The Lord will rescue me from every evil attack and save me for his heavenly kingdom. To him be the glory forever and ever. Amen. – 2 Timothy 4:18 (NRSVUE)
Over the past two months, these weekly devotions have worked through the Lord’s Prayer, generally relying on Martin Luther’s Large Catechism as a guide for making sense of what we are praying for when we pray this prayer. As we move into the autumn and the new program year, we come to the last petition. A quick note is that there is a closing or doxology (praising God) that we generally say at the end (for thine is the kingdom, the power, and the glory forever and ever.) This closing is not part of the biblical text of the prayer.

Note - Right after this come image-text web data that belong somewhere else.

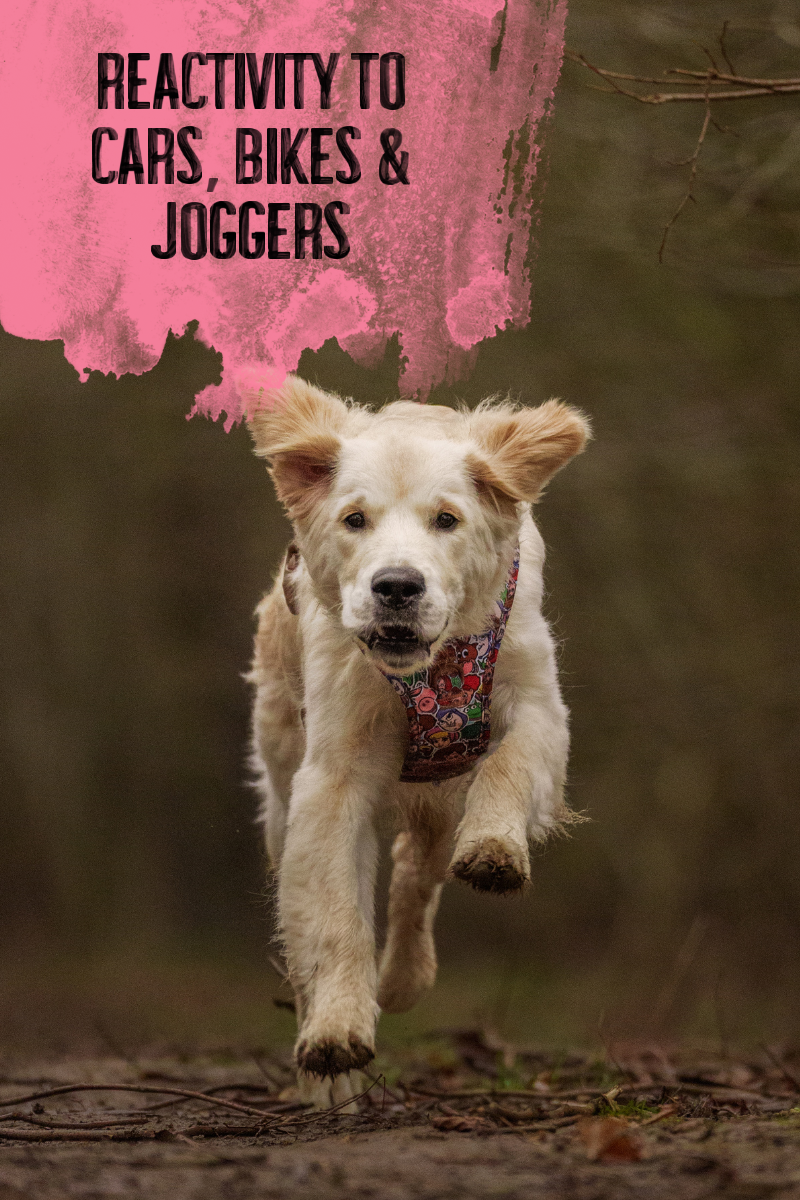 Reactivity to Cars, Bikes &amp; Joggers: Understanding Motion Sensitivity in Reactive Dogs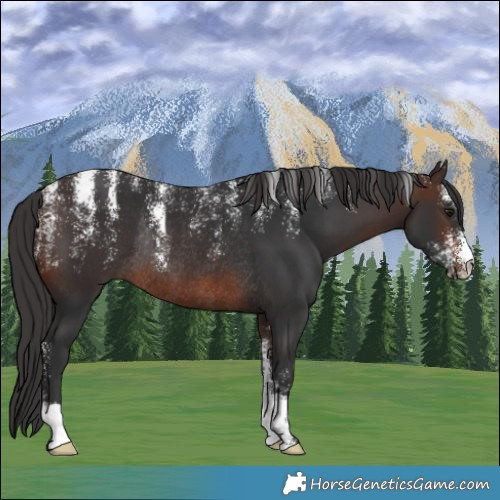 Horse Color:Powder White Brown Rabicano 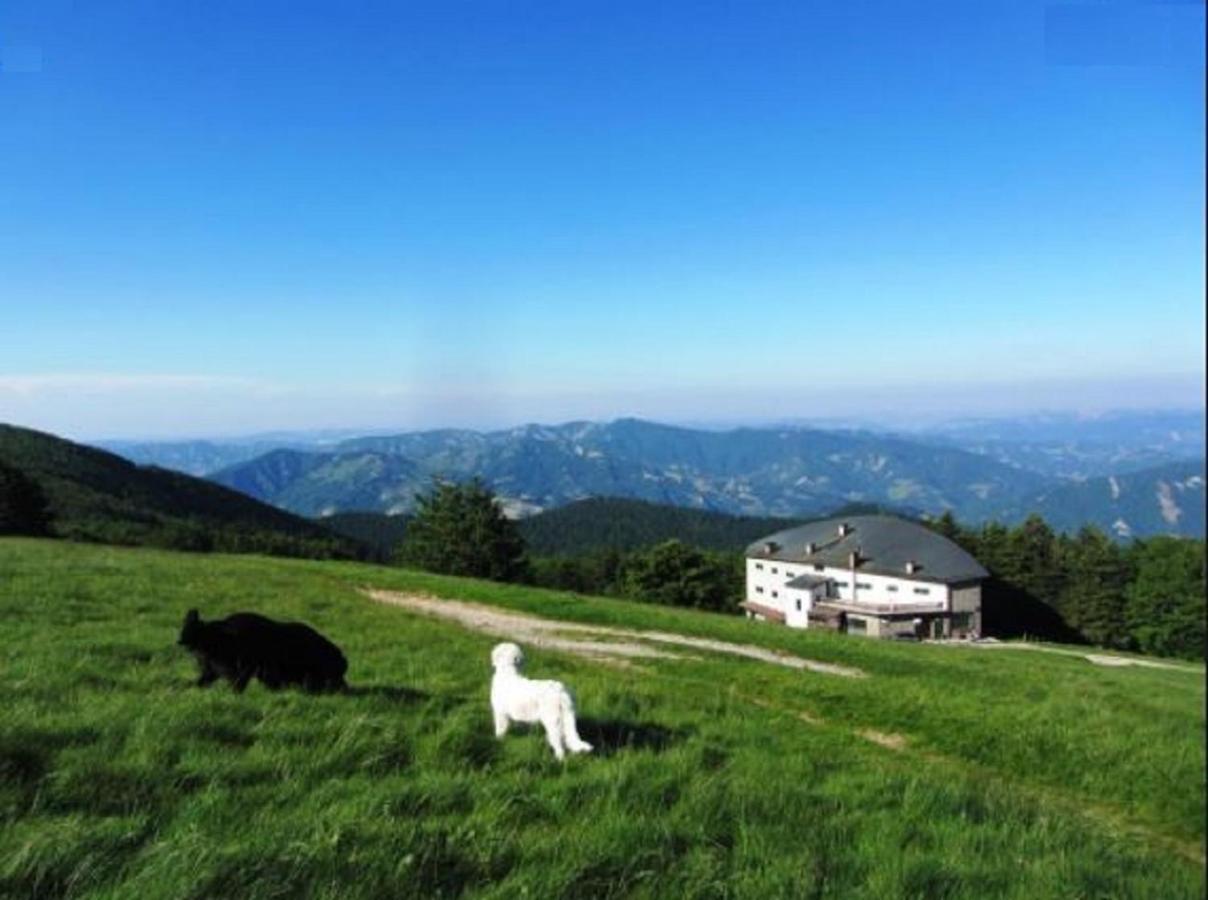 Casa Titina Riposo E Relax Nella Campagna Toscana Пратовекио Екстериор снимка
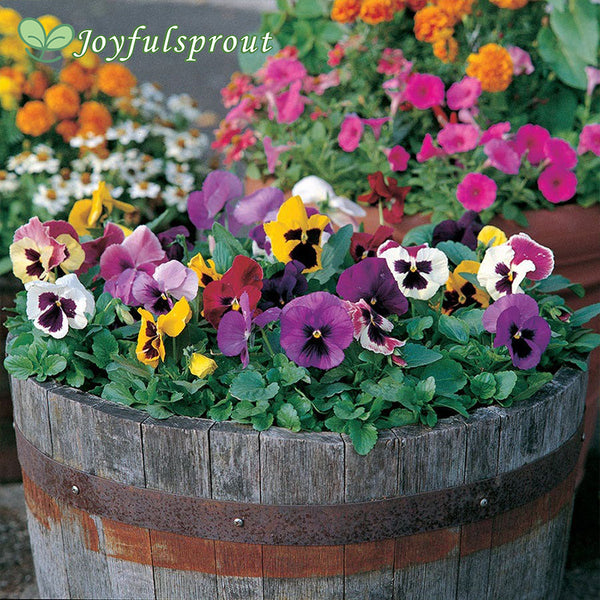 Majestic Giants II Mix Pansy Seeds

Instead, it was typical that prayers would be ended with this sort of praise, and so we include it because it is in line with the intention of the prayer even though it is not strictly speaking part of the received prayer.
The final petition or request that we make of God in the Lord’s Prayer is that we be delivered from evil. I am not sure that most of us spend much time contemplating the presence of evil around us, let alone worrying about its effect on us. Yet, the desire to be delivered from evil may well be our deepest prayer. In Luther’s explanation of this petition, he discusses all kinds of evil that might befall us. He includes things that affect our body, our soul, our property, and our reputation. In this sense evil is that which seeks to tear down our lives, our communities, our relationships, and our well-being. It seems to me that we encounter such forces every single day, even if we do not always recognize them as being evil. So much of our world pulls us apart and breaks us down, but we get used to it and assume that is simply the way that life is. Yet, if we think of the earlier petitions of the prayer, what we have prayed for is God’s name, God’s kingdom, and God’s will to be manifested in our lives, and that we be given all that our body and soul needs. We pray that through the Holy Spirit these things come into our lives, and through that Spirit our bodies, souls, relationships, and communities might thrive and be blessings. Evil, then, is that which undermines or contradicts the work of the Holy Spirit. This petition, then, is a summary of everything else. We need God’s protection because the world is full of things that will try to pull us away from him.
There are debates over whether evil is a thing with its own existence or not, or whether it is something with its own will. I follow the tradition of Augustine that sees evil not as a thing but as the absence of goodness. That absence becomes a force in the world that causes great trauma. Yet, it is not something that acts with its own intelligence. It is the accumulation of failures to act with compassion, care, and with the reign of God as a guide. To pray that we be delivered from evil, then, is not just to pray that we are protected from bad things. It is also to pray that we are filled with the Holy Spirit so that we care about the needs of others and what happens in the world. It means to pray that we be delivered from self-centered thinking so that we desire and
seek the common good for all people and all of God’s creation. To pray that we be delivered from evil means to pray that we might be empowered to live as Jesus’ disciples.